Verbatim copy, images omitted: return the full listing.
SUPPLIED INFORMATION section start
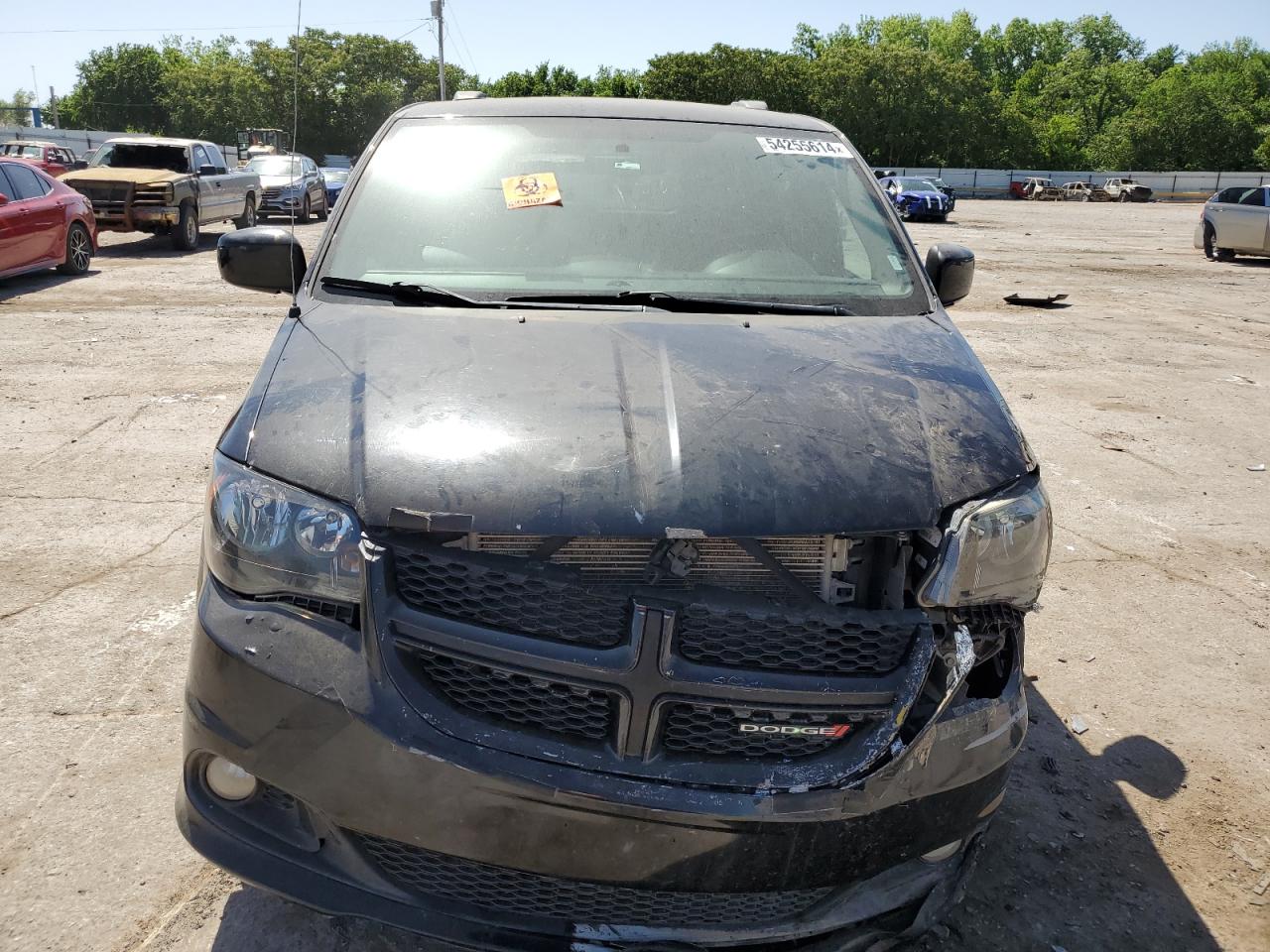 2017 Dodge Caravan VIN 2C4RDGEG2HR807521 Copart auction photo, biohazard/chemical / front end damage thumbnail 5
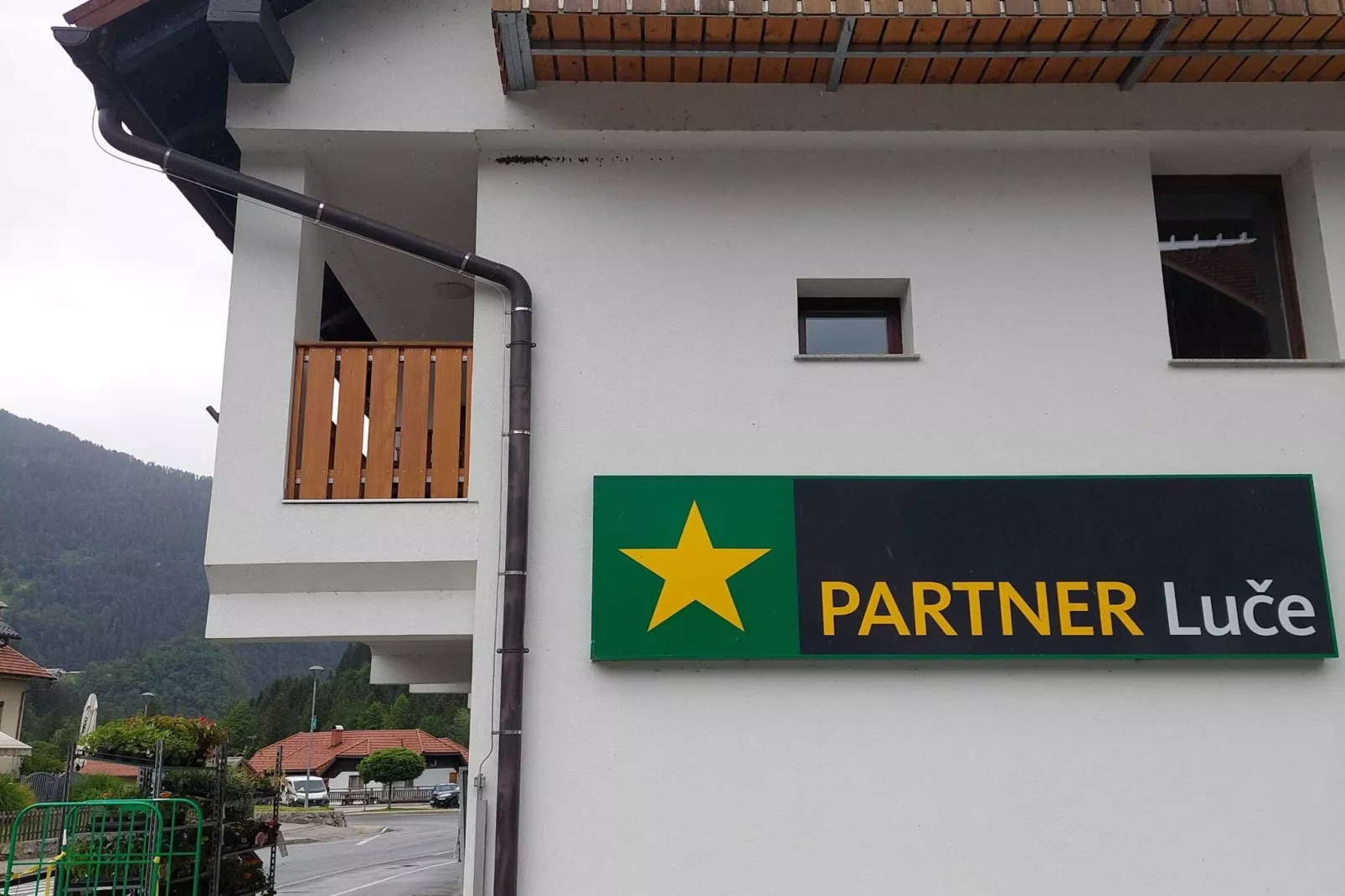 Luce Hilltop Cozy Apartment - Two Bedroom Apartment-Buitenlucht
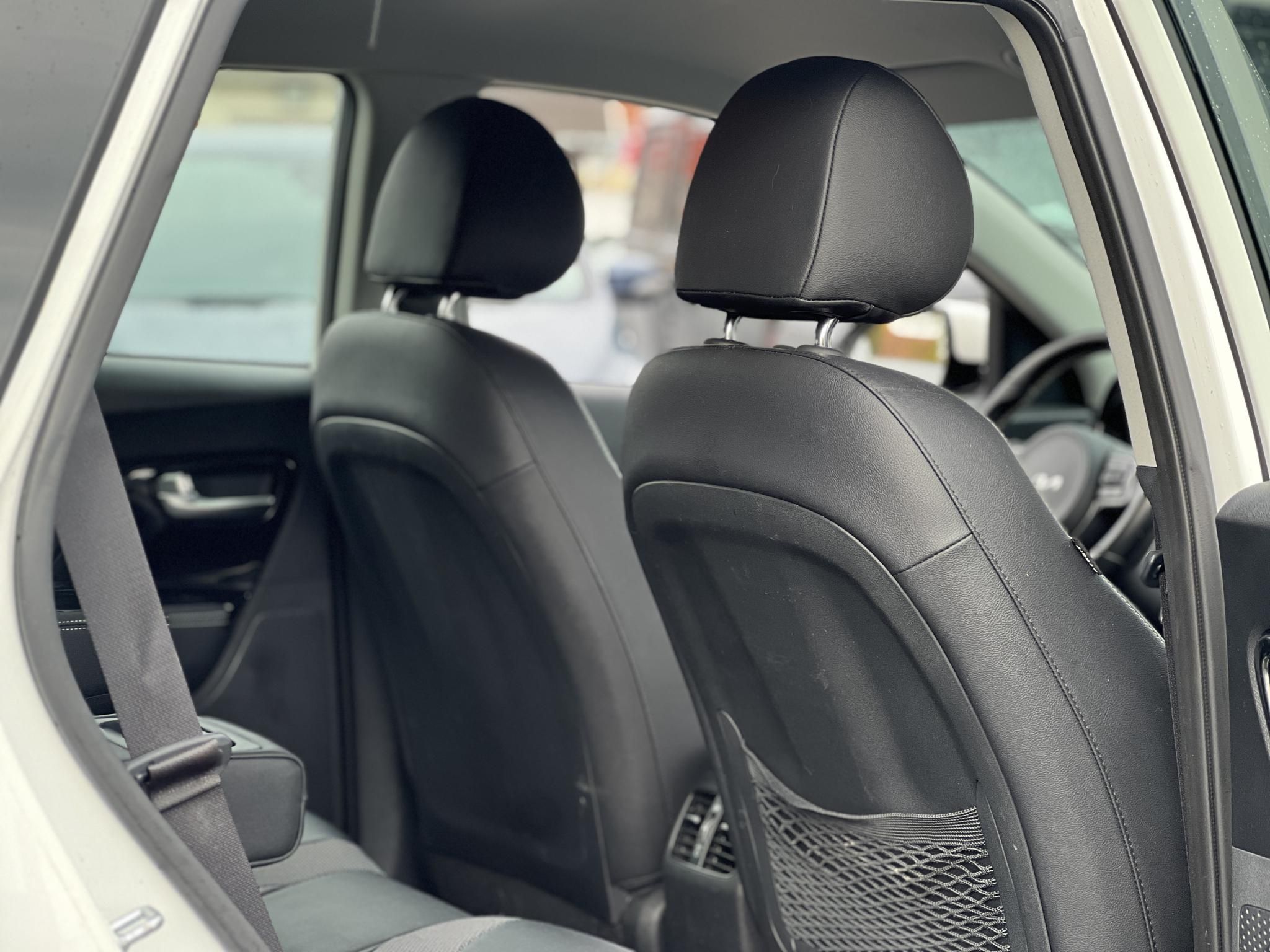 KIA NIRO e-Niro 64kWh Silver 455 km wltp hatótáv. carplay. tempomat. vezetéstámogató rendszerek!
SUPPLIED INFORMATION section end
■ **REPLY**:
 2017 Dodge Caravan VIN 2C4RDGEG2HR807521 Copart auction photo, biohazard/chemical / front end damage thumbnail 5
 Luce Hilltop Cozy Apartment - Two Bedroom Apartment-Buitenlucht
 KIA NIRO e-Niro 64kWh Silver 455 km wltp hatótáv. carplay. tempomat. vezetéstámogató rendszerek!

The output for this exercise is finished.